May 6, 2014

Official prayers aren't official religion, court says

The Supreme Court has ruled that prayers at the start of a town council meeting do not have the effect of establishing a religion. This is true, the court decided, even if all of the prayers are from a particular religion, and even those prayers are explicitly sectarian.

There are very few limits of officially sanctioned prayer, according to this decision in Town of Greece vs. Galloway. In fact, "Absent a pattern of prayers that over time denigrate, proselytize, or betray an impermissi­ble government purpose, a challenge based solely on the content of a prayer will not likely establish a constitutional violation."

Typically, questions about whether or not government action is establishing religion is decided by a legal test. The Lemon Test, the most famous of these, asks whether a law has a secular purpose, whether it's primary effect relates to religion, and whether it's an excessive entanglement of government and religion. Now the court has ruled, however, that officially offered prayers at government meetings are not subject to such tests.

Prayers can be entanglements without establishing religion.

Prayers can be primarily religious.

Prayers don't have to be secular, serving only to solemnize or something like that.

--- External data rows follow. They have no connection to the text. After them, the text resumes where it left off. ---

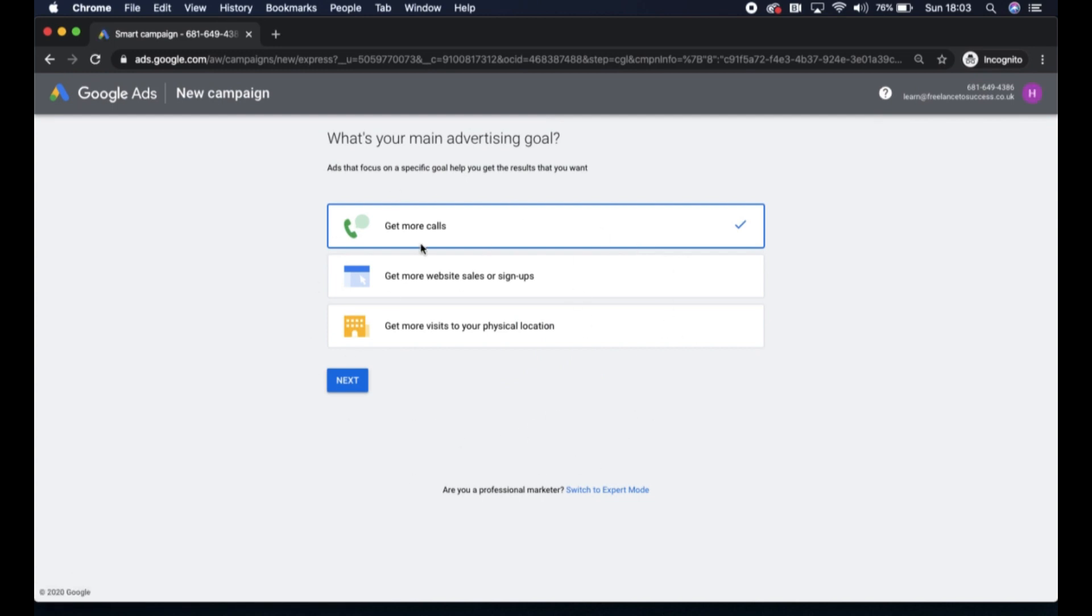This is Google's Smart Campaign setup, and you'll see here that Google has some advertising goals available for you to either get more calls, more website sales or signups, or more visits to your physical location.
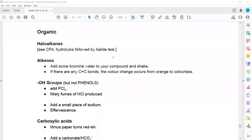Analysis of organic compounds — how we can identify compounds like halogen alkanes. CP4, or core practical, involves hydrolysis followed by a halide test. We add silver nitrate, and the result depends on which halide is present: with chlorine it gives a white precipitate, with bromine a cream precipitate, and with iodine a yellow precipitate.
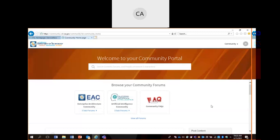Hi, my name is Joe Bosco. I'm with the Office of Enterprise Architecture, and today I will be presenting the Enterprise Architecture Community Forum. This is our collaboration forum, which is utilizing our ServiceNow Communities solution.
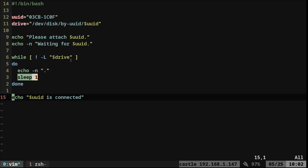Once it loops and finds that it exists, it will break out of this loop and then continue. In this case, we're just going to print a message of it is connected. And, of course, you can do whatever you want in your script after that.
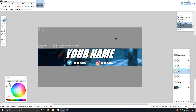Hello and welcome back to another Computer Sluggish tutorial. I've been asked how do you make a YouTube banner? Today in this video I'm going to show you how to make a YouTube banner. To start off you need paint.net — if you don't have it, I will put a link in the description below on how to get and set it up.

Justice Anthony Kennedy, writing the opinion for the majority, cited the 1983 Supreme Court case Marsh vs. Chambers in explaining the decision. Formal tests, like the Lemon Test, are not necessary when the practice has a long-established history. Tradition trumps.

As Kennedy wrote:
Marsh is sometimes described as 'carving out an excep­tion' to the Court's Establishment Clause jurisprudence, because it sustained legislative prayer without subjecting the practice to 'any of the formal "tests" that have traditionally structured' this inquiry. The Court in Marsh found those tests unnecessary because history supported the conclusion that legislative invocations are compatible with the Establish­ment Clause . . . Marsh stands for the proposi­tion that it is not necessary to define the precise boundary of the Establishment Clause where history shows that the specific practice is permitted. Any test the Court adopts must acknowledge a practice that was accepted by the Framers and has withstood the critical scrutiny of time and political change. A test that would sweep away what has so long been settled would create new controversy and begin anew the very divisions along religious lines that the Establishment Clause seeks to prevent. Marsh, indeed, requires an inquiry into the prayer opportunity as a whole, rather than into the con­tents of a single prayer.
The only remaining test, according to the Supreme Court, is coercion. Officially authorized government prayer would be an unconstitutional establishment of religion if -- and basically only if -- people were coerced into prayer.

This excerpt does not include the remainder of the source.